Livonia Veterinary Hospital is 15-20 miles away out in the sticks, so I was allowing 45 minutes for the trip, which was 15 minutes too much.


Livonia, Avon & Lakeville #38 (sans number-plate) ducks under Bronson Hill Road with southbound excursion. (Photo by the so-called “old guy” with the Spotmatic.)

They had me driving down Bronson Hill Road, and the old railfan knows Bronson Hill Road used to cross the old Erie branch to Rochester on a rickety wooden bridge.
The Erie’s Rochester branch ran from the mainline through Corning to Rochester, and a sizable segment was taken over by the Livonia, Avon & Lakeville shortline railroad.

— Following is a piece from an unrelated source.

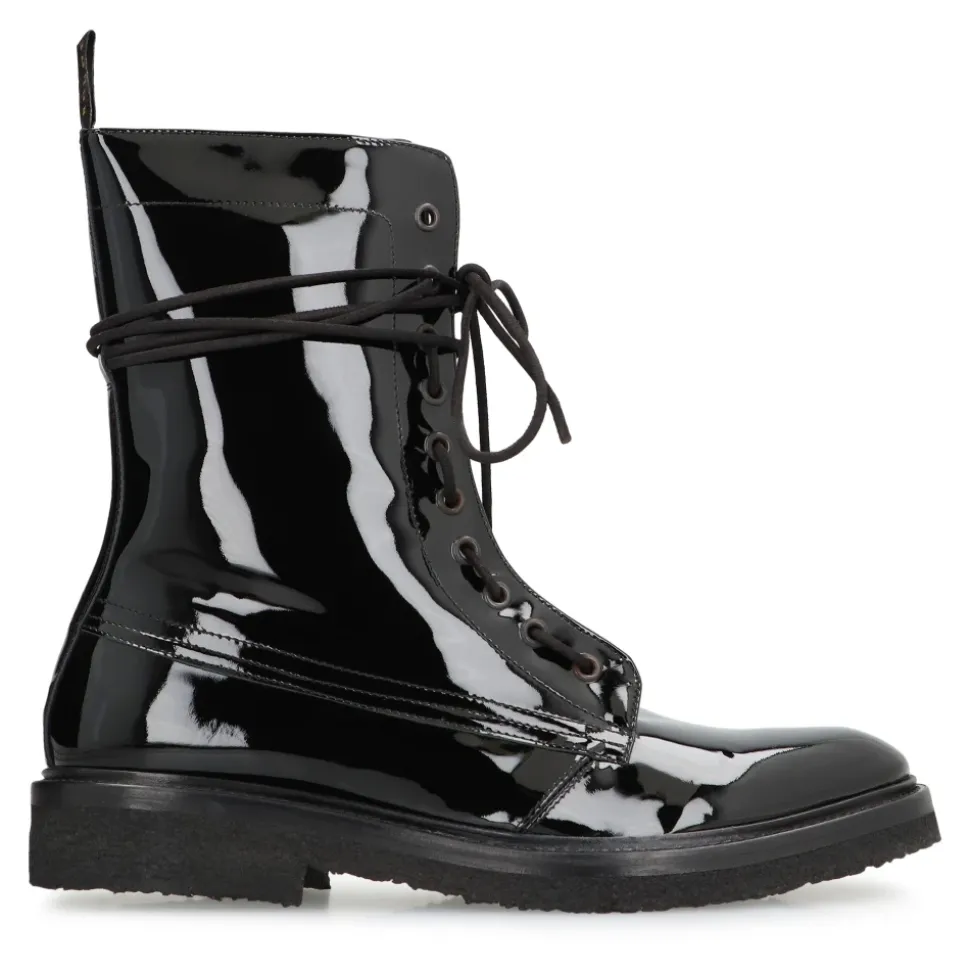 Skórzane Buty Bojowe, Wiązane, Okrągły Nosek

The Erie Rochester branch ran south out of Rochester through Avon (“AH-von,” not “AYE-von” [the makeup]), and then went up the hill through Livonia and continued south to Corning.
South of Livonia the line was abandoned, and at first the LA&L was Avon to Livonia.
There also was a short branch to Lakeville near Livonia — Lakeville is at the north end of Conesus lake, one of the Finger Lakes.
LA&L got a corn-syrup processor (or transfer depot) to locate in Lakeville, so they bring in tank-cars of corn-syrup that get transferred to trucks.
That corn-syrup facility is the main shipper on LA&L and has been for years.
At first LA&L ran a passenger excursion service, and even had steam-locomotives.
First was #17, but that was scrapped.
Then was #38, and I think that is still running in Gettysburg.
We rode that excursion and a took a slew of black & white photographs. It was during my attempt to freelance stuff.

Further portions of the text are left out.